When the FCC first announced in June that it would launch a new media ownership comment cycle, Copps protested that the public had not been asked to comment on formal proposals to change the rules, just a set of general questions.

"I am deeply disappointed that this Notice does not contain a specific, up-front commitment to share proposed media concentration rules with the American people in advance of a final vote," he said in a partial dissent to the announcement. "I do not see how we can be transparent and comply with the dictates of the Third Circuit without letting the American people know about and comment on any new standards of measurement that we adopt in developing our ultimate decision."

In 2004 the Federal Third Circuit Court of Appeals struck down the FCCs media ownership proposals, calling flawed the logic upon which the Commission based its rule changes. The law requires the Commission to reconsider its media ownership regulations every four years.

Asked at the conference whether the public would eventually be permitted to comment on specific rule changes, Deutschman said he was not sure. He expressed hope that the Senate would require the FCC to take that step.

"I dont think that we have the answer," Deutschman said. "I know that weve raised it. I know that we think it is desperately important. I dont think that it is provided for at this point to do that."

Spectrum sovereignty questions

For participants in the Indian broadband conference, however, the number one telecommunications issue was being consulted by the FCC as sovereign nations, rather than as individuals.

"I really appreciate the fact that we tribal people have the ability to respond to FCC regulations as they are proposed," Vernon James, CEO of the San Carlos Apache Telecommunications Utility, told FCC officials in a roundtable discussion yesterday. "But my input is requested but it is not received as a part of a sovereign entity."

Native American leaders repeatedly told FCC staff at the conference that they wanted more control over who broadcast and provided telecommunications services on their reservations.
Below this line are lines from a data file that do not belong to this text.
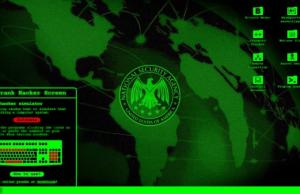 hacker-typer-page-acceuil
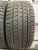 Kumho Solus TA71 245/40 R19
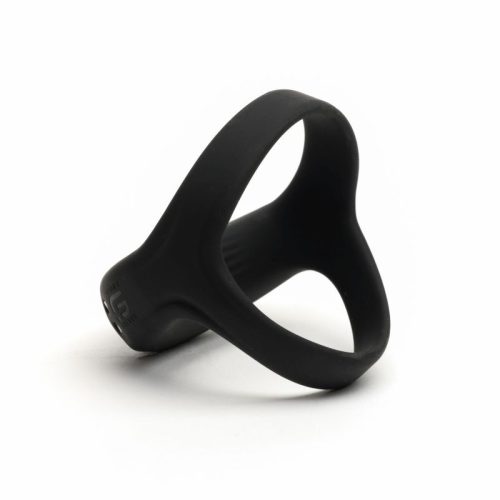 MOTOVibe Sling Cock Ring - Image 10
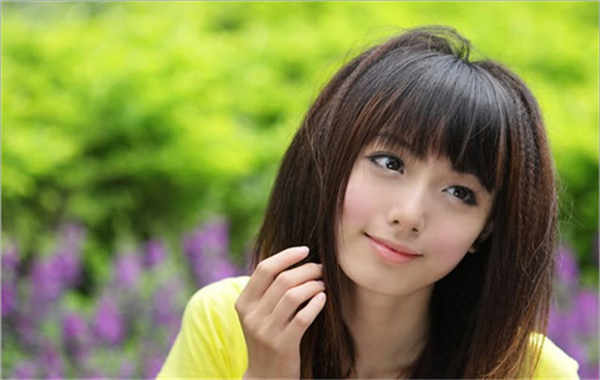 界首胎儿几个月可以鉴定性别(怎样鉴定胎儿的性别)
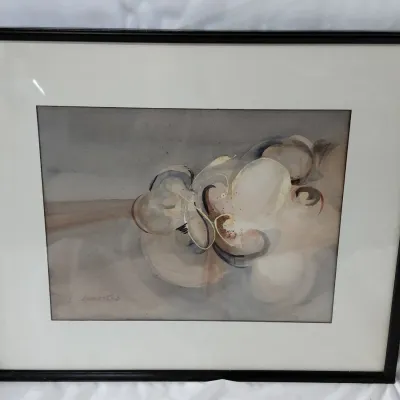 Sale Photo Thumbnail #104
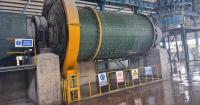 EPA shuts down Earl International mining operation at Gbane over environmental breaches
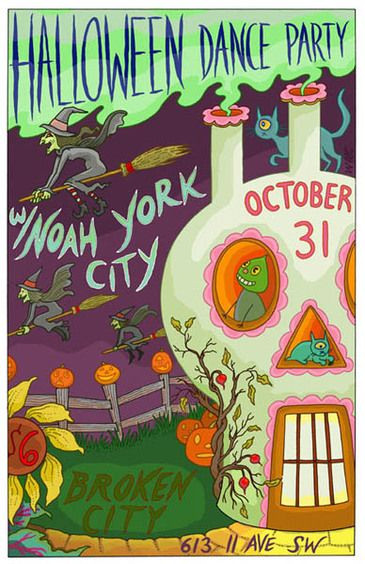 Halloween Party Poster Ideas
 14 best Halloween Party Poster Ideas images on Pinterest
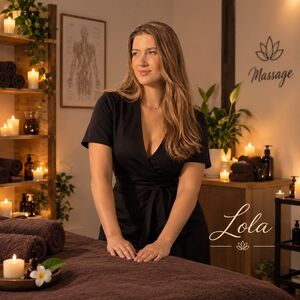 Lola 2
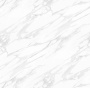 Calacatta Marble 7405_4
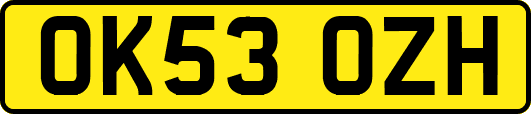 OK53OZH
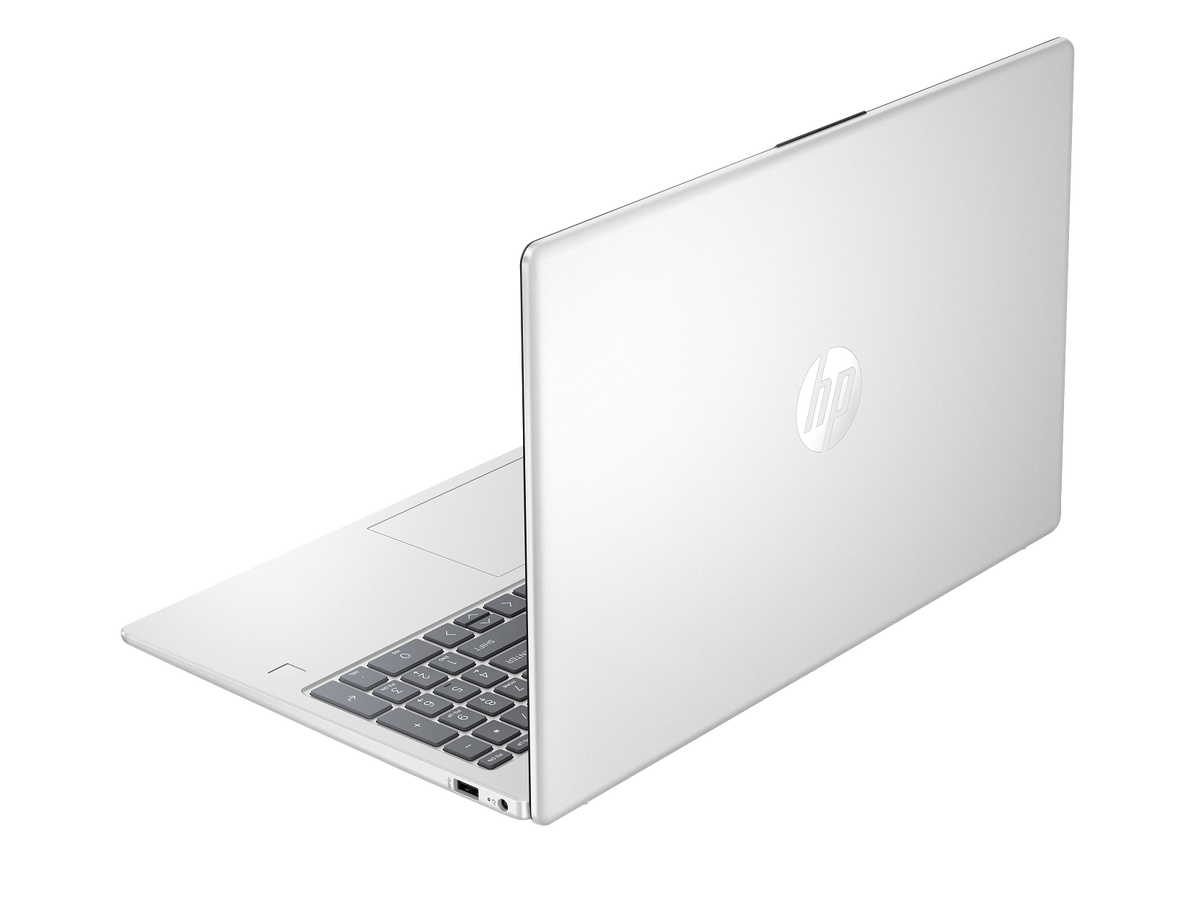 HP Laptop 15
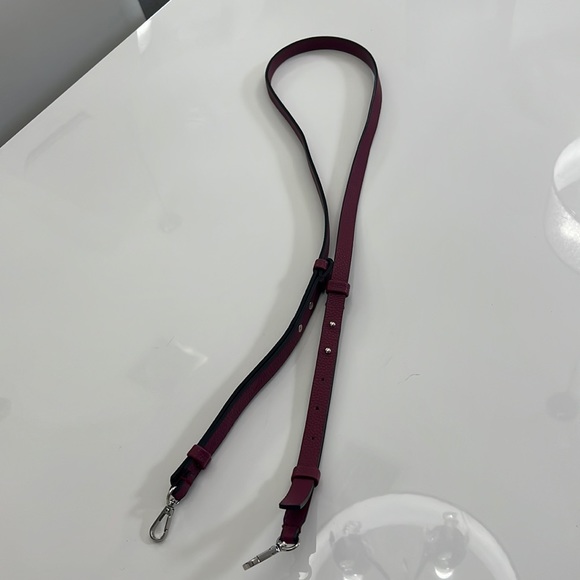 Phone strap - Picture 1 of 1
They also want to negotiate with the FCC on a nation-to-nation level, rather than just comment on specific dockets.

In March of this year the National Congress of American Indians (NCAI) asked the Senate to include language acknowledging tribal regulatory authority in an upcoming revision of the 1996 Telecommunications Act.

"Like water, minerals, and timber, spectrum is a valuable natural resource for tribal communities," NCAI President Joe Garcia told the Senate Commerce Committee on March 7th, "and the federal government should consult with tribes about spectrum management on tribal lands and ensure that tribal communities have access to this resource for purposes of tribal governance and economic development."

The latest version of the Senate bill includes language emphasizing the government-to-government nature of Native American/U.S. spectrum negotiations. At the San Diego gathering, the FCCs Deutschman pledged that the Commission would also do better.

"At the heart of the Federal trust relationship lies the concept of consultation. Tribes are governments," Deutschman said. "As a Federal agency we have a duty to treat tribes as the sovereigns they are. To be honest about it, weve in fact not done enough to honor the government-to-government relationship."